New York has overtaken San Francisco to become the world’s “premier tech city” according to a new report from U.K.-based real estate consulting firm Savills.
The report evaluated 30 different cities across the world based on their business and technology environments, talent pool, real estate costs, transportation infrastructure, cost of living and other factors. New York City took the top spot in this year’s ranking thanks to “a deep talent pool and the city’s reputation as a global centre of commerce.”
Paul Tostevin, an associate director at Savills and one of the report’s authors, told Inman in an email that both New York City and San Francisco benefited “from being in the U.S., home to the western world’s biggest tech [companies] and the bulk of [venture capital] funding.”
San Francisco had taken the top spot on Savills’ rankings in previous years, but in 2019 has dropped into second place. London, Amsterdam and Boston round out the top five spots, respectively. The U.S. is generally well represented at the top of the list, with Los Angeles coming in seventh, Austin in eighth, and Seattle in 12th.
According to Tostevin, some of the smaller cities on the list “offer residents city living on a smaller footprint allowing shorter commutes, easier access to amenities and a better work/life balance.”
After Seattle the entire list is comprised of cities outside the U.S. and the report’s authors single out China as having been particularly successful at building technology hubs.
“Chinese Tech Cities have risen fast, and now account for a higher share of [venture capital] investment than their U.S. counterparts,” Savills’ report states.
This is the third year that Savills compiled its list. The London-based company was founded in 1855, and maintains hundreds of offices on four continents. It specializes in providing research and consulting services related to property investment.
Cities on Savills’ list serve as “testbeds for innovation” and have been generally successful at attracting venture capital, the report states. They’re also economically beating competitor cities.
“Tech Cities are outperforming other global centres,” the report states. “GDP across the 30 Tech Cities is forecast to rise by 36 percent in the next decade, against a rate of 19 percent across other developed cities.”
Some observers expect that trend to continue in New York City. Wendy Forsythe, the chief operating officer of HomeSmart International, described the ranking as “big news for the Big Apple.” She told Inman that while San Francisco is facing a “retention issue,” New York is likely to produce more real estate startups.
“I think we have already started to see this but [it] will likely become more predominant in the near future,” she added.
But not everyone is convinced New York is indeed the leading technology paradise Savills’ new report might suggest. Asked about the real estate component of the ranking, Victor Lund — founder of the real estate consulting firm WAV Group — told Inman Tuesday that New York City can’t actually beat California cities in terms of land costs.

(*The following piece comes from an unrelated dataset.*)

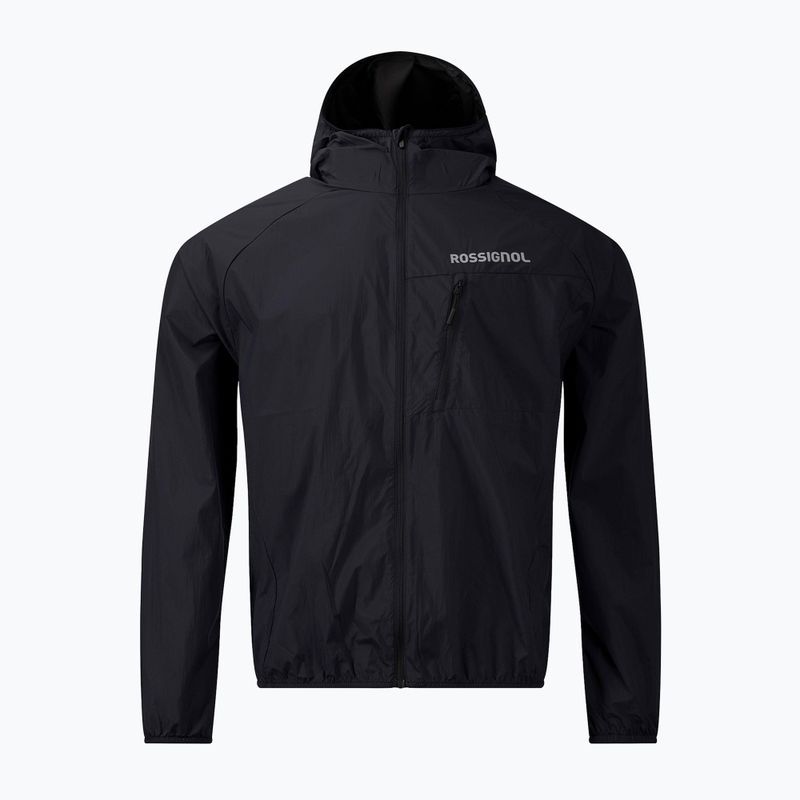 Férfi futódzseki Rossignol Sidelhorn PKB black 10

“Look at property tax differentials between the two states and cost of living and you will see that NYC is far more expensive than California,” Lund explained. “By just looking at housing values, they are not looking at total cost.”
Lund also argued that a number of other California cities including San Jose, San Diego and Los Angeles are more competitive tech hubs than New York City.
Still, there’s no doubt New York City has managed to attract both talent and companies in recent years — a fact that was made particularly apparent in November, when Amazon announced it would open a much-discussed HQ2 office in Queens. (The company will also open a major new office in Crystal City, Virginia.)
The HQ2 announcement sparked a frenzy in the area’s real estate market and some consternation from locals, but highlighted New York’s ability to beat out other rising tech centers — such as Austin, Boston, and Los Angeles — when competing for high tech jobs.
This post was updated after publication with comments from an author of the Savills report and additional expert commentary.